(Collected data entries)
_____
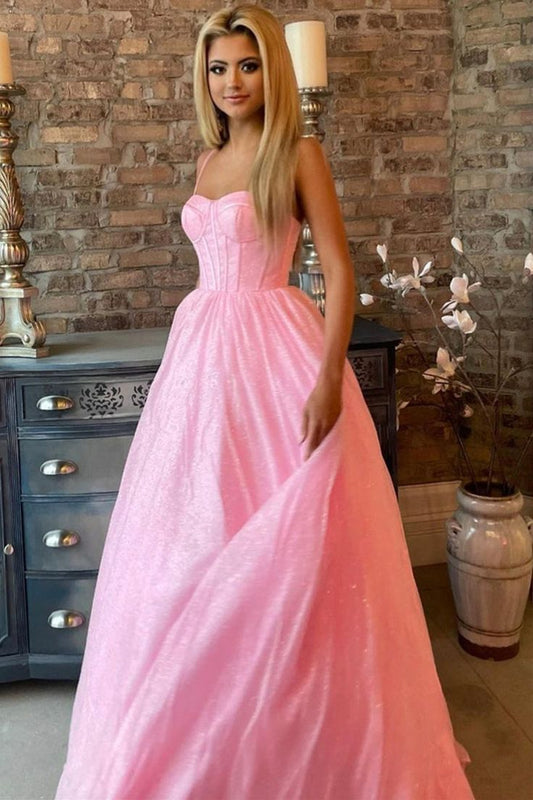 Sexy A-Linien Spaghettiträger Ärmelloses Partykleid Rosa Ballkleid P860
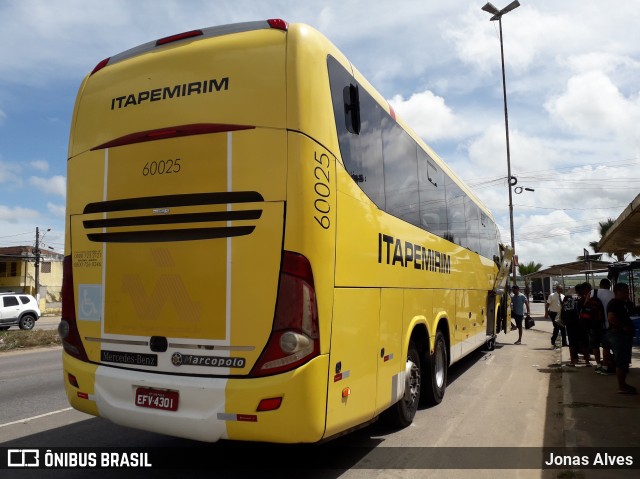 Viação Itapemirim 60025 na cidade de Goiana, Pernambuco, Brasil, por Jonas Alves. ID da foto: 7388799.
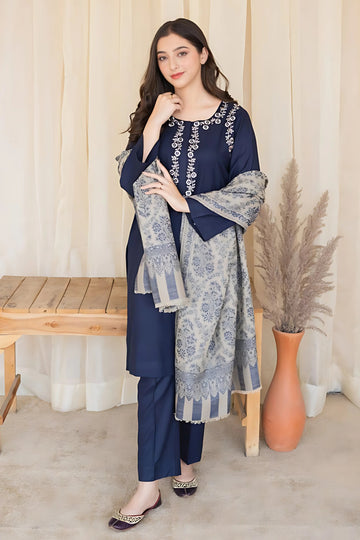AISLING 3PC Lawn suit with Digital Printed  Shawll AF-19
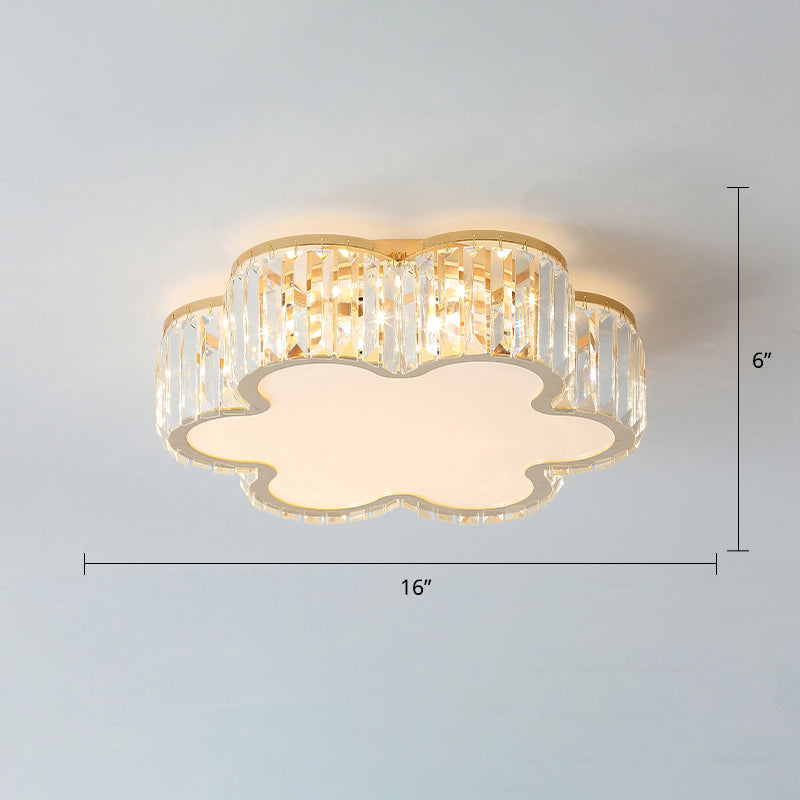 Champagne Geometric Shape Flushmount Light Simple Style Crystal LED Flush Ceiling Light Champagne 16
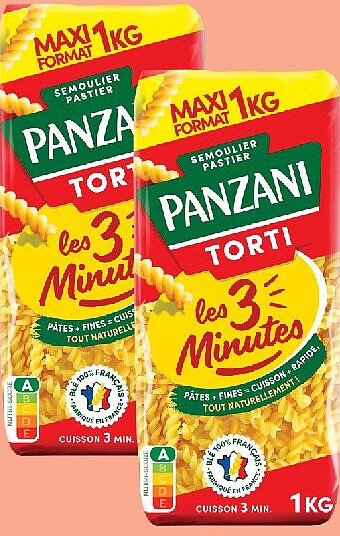 Torti cuisson rapide Panzani 1 kg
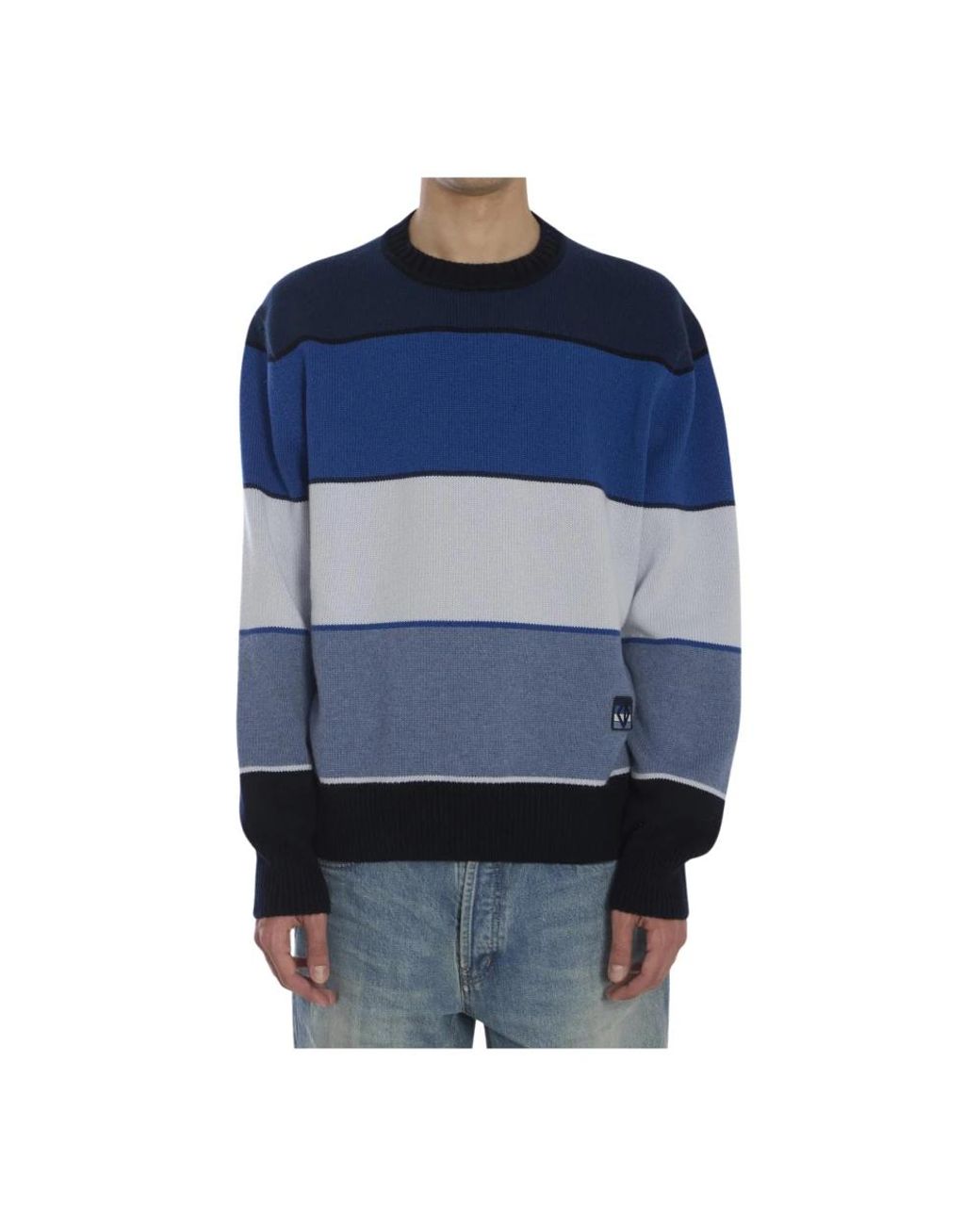 Dior Cd Diamond Patch Gestreifter Pullover in Blue für Herren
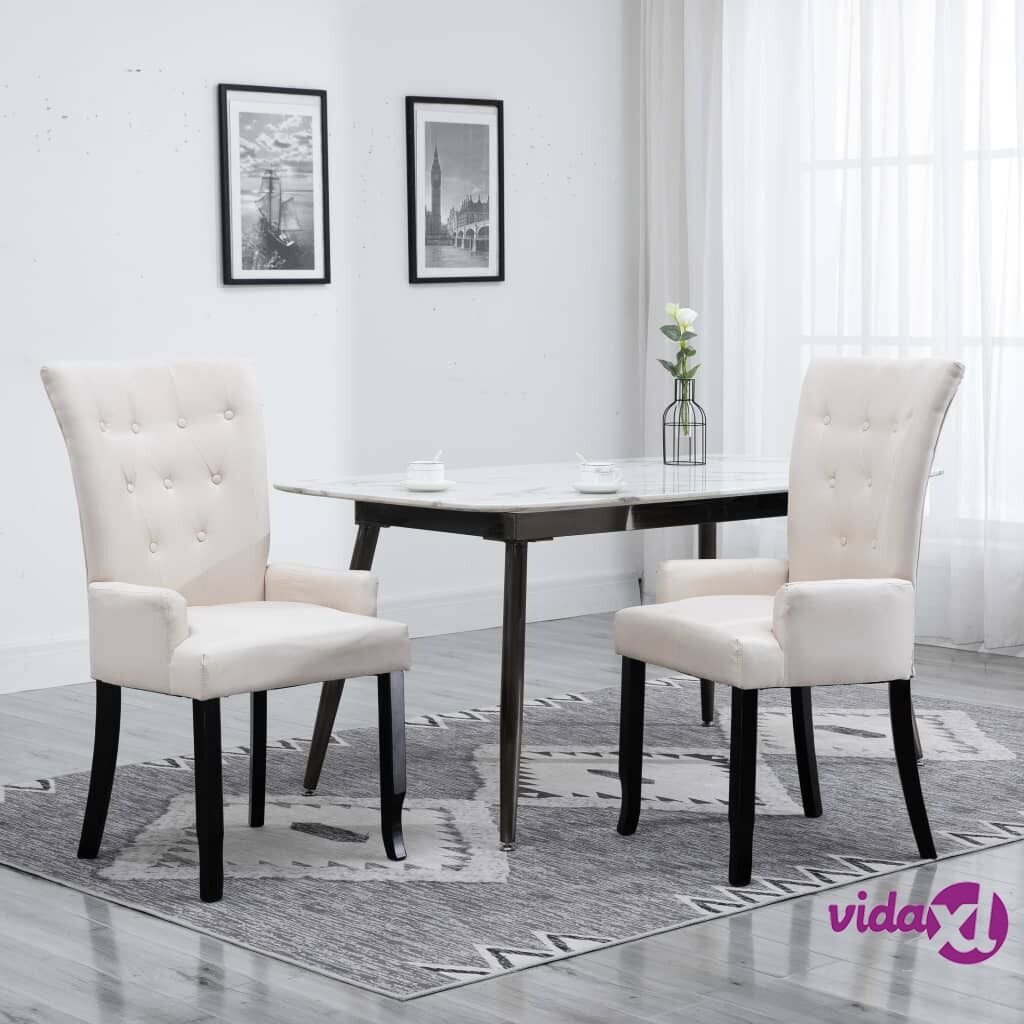 vidaXL Dining Chairs with Armrests 2 pcs Beige Fabric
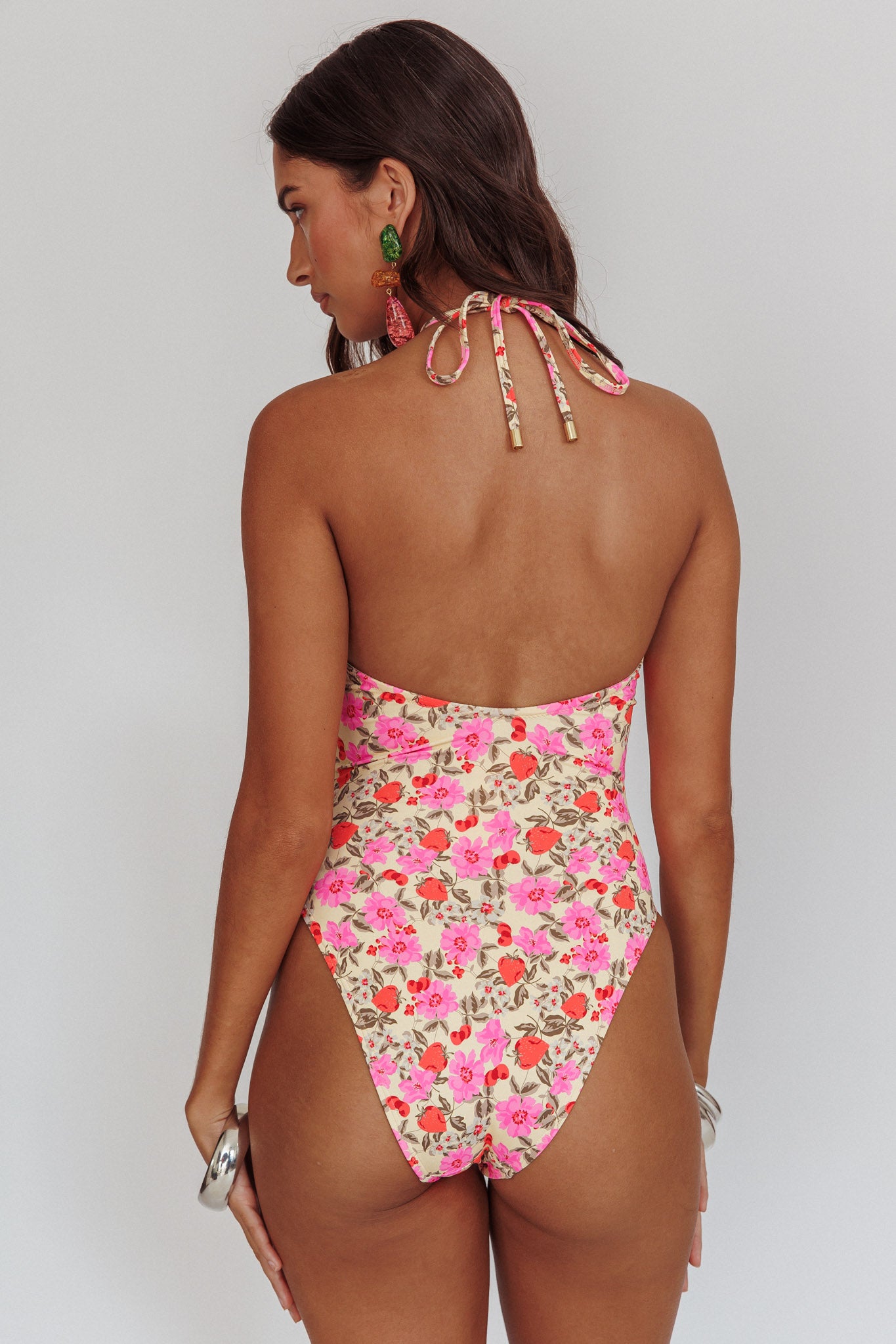 Eros Halterneck Keyhole One Peice Swimsuit Yellow Floral by Selfie Leslie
_____
◆ INSTRUCTIONS FOR THE TASK ◆
Set down exactly and only the lines from the line that contains "Dior Cd Diamond" through the last line of the entries above, with both of those lines included and the pictures left out.

◆ ANSWER BOX ◆
 Dior Cd Diamond Patch Gestreifter Pullover in Blue für Herren
 vidaXL Dining Chairs with Armrests 2 pcs Beige Fabric
 Eros Halterneck Keyhole One Peice Swimsuit Yellow Floral by Selfie Leslie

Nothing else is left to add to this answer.